Although most Americans have never heard that the Fed was the cause of the depression, this is well known among top economists. Milton Friedman, the Nobel Prize winning economist at Stanford University, said the same thing in a national public radio interview in January of 1996:
“The Federal Reserve definitely caused the Great Depression by contracting the amount of currency in circulation by one third from 1929 to 1933”
But the money lost by most Americans during the depression, didn't just vanish. It was just re-distributed into the hands of those who had gotten out just before the crash and had purchased gold, which is always a safe place to put your money just before a depression.
Following the crash the great depression put 1/3 of the US workforce out of work. The banks foreclosed on property and took possession of peoples' homes and farms. When panicked citizens lined-up at banks to withdraw their hard earned savings, the banks gave them only 10c on the dollar.
Homeless and desperate, many Americans set up tent cities and roamed the rails looking for work.

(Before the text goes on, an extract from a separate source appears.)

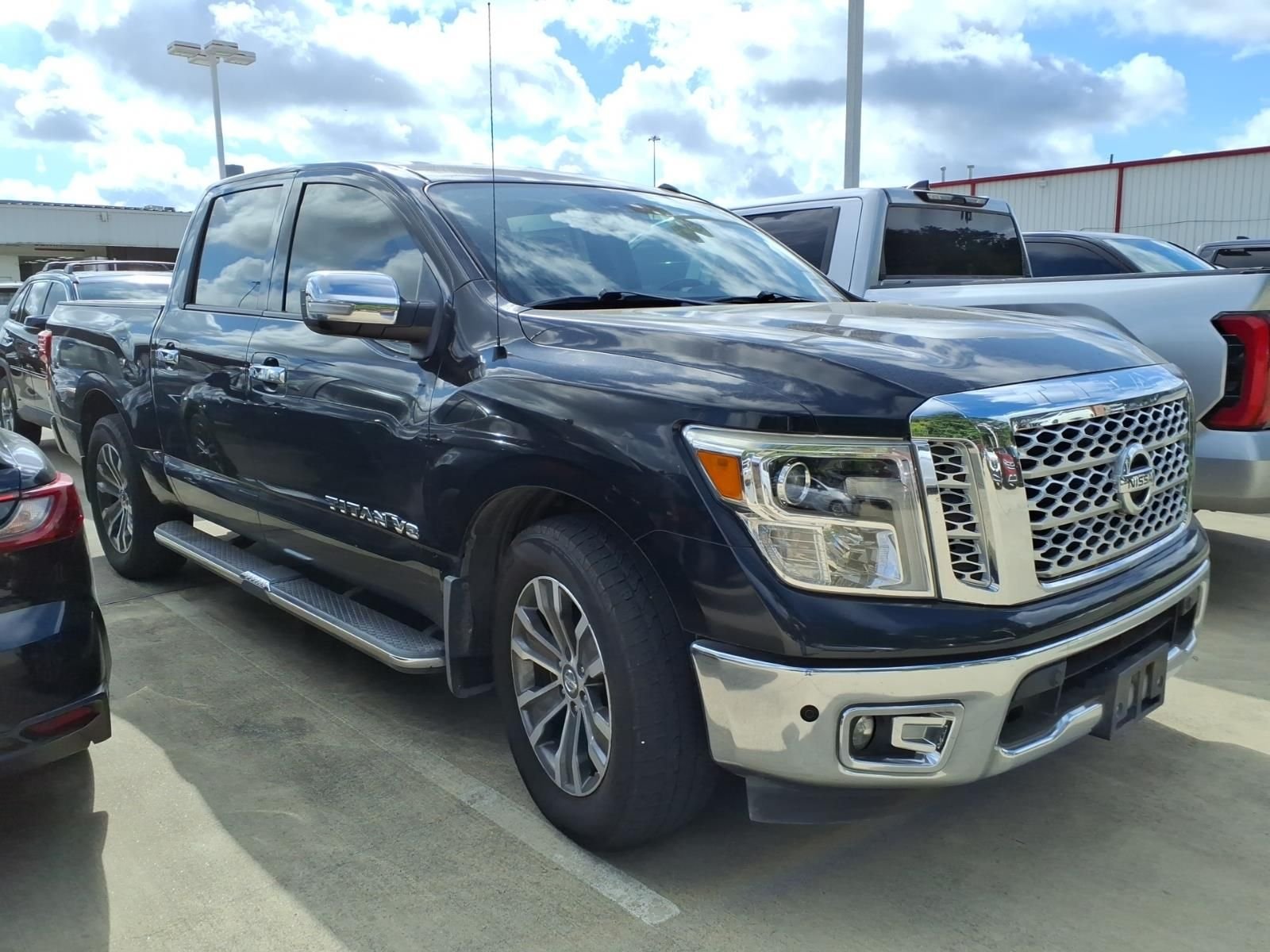 Used 2019 Magnetic Black Nissan SL image 1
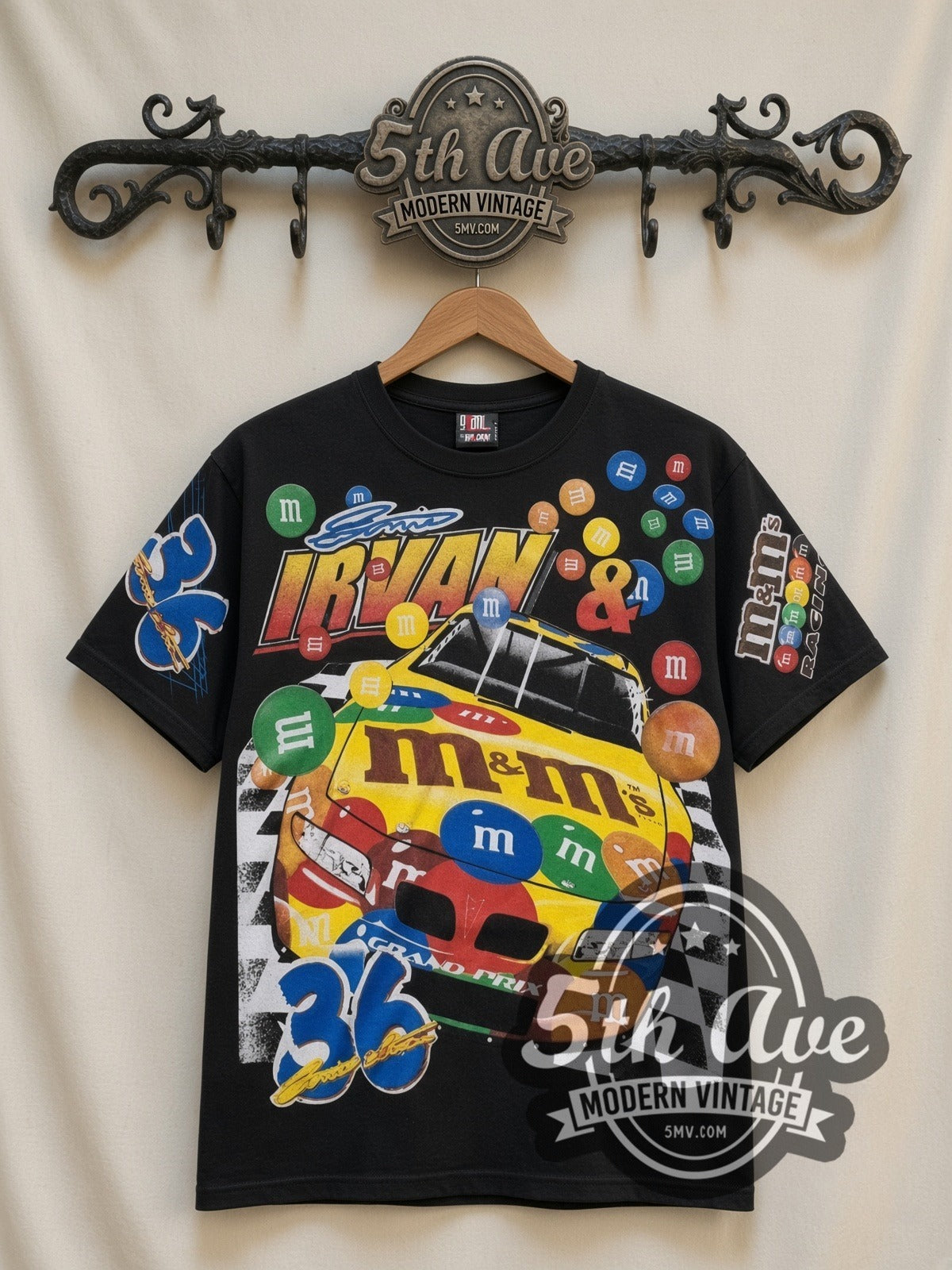 NASCAR Ernie Irvan #36 M&M's Racing all-over-print vintage NASCAR t-shirt in black, front view on a display rack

Congressman Louis McFadden, chairman of the House Banking Committee, claimed the crash was planned by the international bankers who sought to become rulers of us all. In his famous 1932 Congressional address he said "Mr. Chairman, we have in this country one of the most corrupt institutions the world has ever known. I refer to the Federal Reserve Board and the Federal Reserve banks. The Federal Reserve Board has cheated the people of the United States out of enough money to pay the national debt 3 times over. This evil institution has impoverished and ruined the people of the United States through the defects of the law in which it operates and through the corrupt practices of the moneyed vultures who control it. Some people think the Federal Reserve Banks are government institutions. They are not government institutions; they are private credit monopolies which prey upon the people of the United States for the benefit of themselves."
Following a series of death threats, McFadden died from food poisoning followed by a heart-attack, under suspicious circumstances.